Selects one random block of a smaller size from multiple larger contigs and obtain the index of the SNPs that are contained within that block.

Usage

pickWindows(freqs, positions, range, rMajor, rMinor, coverage, window, nLoci)

Value

a list with the following elements:

freqs

a list with the allele frequencies, computed by dividing the number of minor-allele reads by the total coverage. Each entry of this list corresponds to a different contig. Each entry is a matrix where each row is a different site and each column is a different population.

positions

a list with the positions of each SNP. Each entry of this list is a vector corresponding to a different contig.

rMajor

a list with the number of major-allele reads. Each entry of this list corresponds to a different contig. Each entry is a matrix where each row is a different site and each column is a different population.

rMinor

a list with the number of minor-allele reads. Each entry of this list corresponds to a different contig. Each entry is a matrix where each row is a different site and each column is a different population.

coverage

a list with the total coverage. Each entry of this list corresponds to a different contig.

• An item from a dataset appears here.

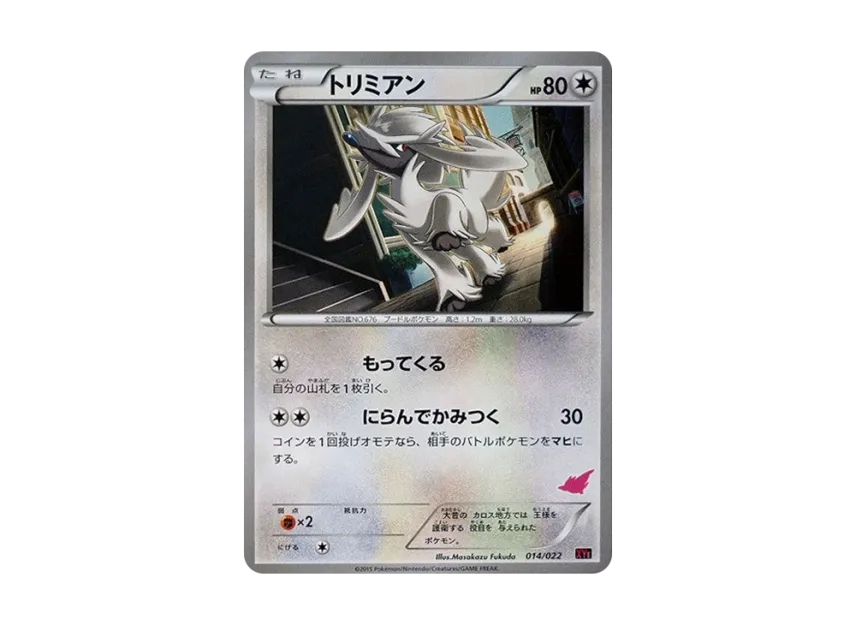 Furfrou [XYE 014/022] (Competition Start Set 30 "Embuo EX VS Togekisu EX")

Each entry is a matrix where each row is a different site and each column is a different population.

Arguments

freqs

is a list containing the allelic frequencies. Each entry of that list should represent a different contig and be a matrix where each row corresponds to a different site and each column to a different population.

positions

is a list containing the position of the SNPs. Each entry should represent a different contig and be a vector containing the position of each SNP present in the contig.

range

is a list containing the range of the contig. Each entry should represent a different contig and be a vector with two entries: the first detailing the minimum position of the contig and the second the maximum position of the contig.

rMajor

is a list containing the number of major allele reads. Each entry of that list should represent a different contig and be a matrix where each row corresponds to a different site and each column to a different population.

rMinor

is a list containing the number of minor allele reads. Each entry of that list should represent a different contig and be a matrix where each row corresponds to a different site and each column to a different population.

coverage

is a list containing the depth of coverage. Each entry should represent a different contig and be a matrix with the sites as rows and the different populations as columns.

window

is a non-negative integer indicating the size, in base pairs, of the block of the contig to keep.

nLoci

is a non-negative integer indicating how many different contigs should be kept in the output. If each randomly selected window is a different loci, then how many different window should be selected?

Details

This function starts by removing the edges of the contigs. The size of the removed portion is equal to the size of the block to keep. Then, a SNP is randomly pick from the vector of all possible SNP positions. An initial block is constructed by selecting all SNPs contained in a window of window size, both upstream and downstream from that SNP. Finally, SNPs are removed from both ends of that initial block until all remaining SNPs are contained within a block of window size. All of these steps are performed for each of the contigs present in the dataset, obtaining one window per contig. Note that, in the end, only nLoci windows are kept.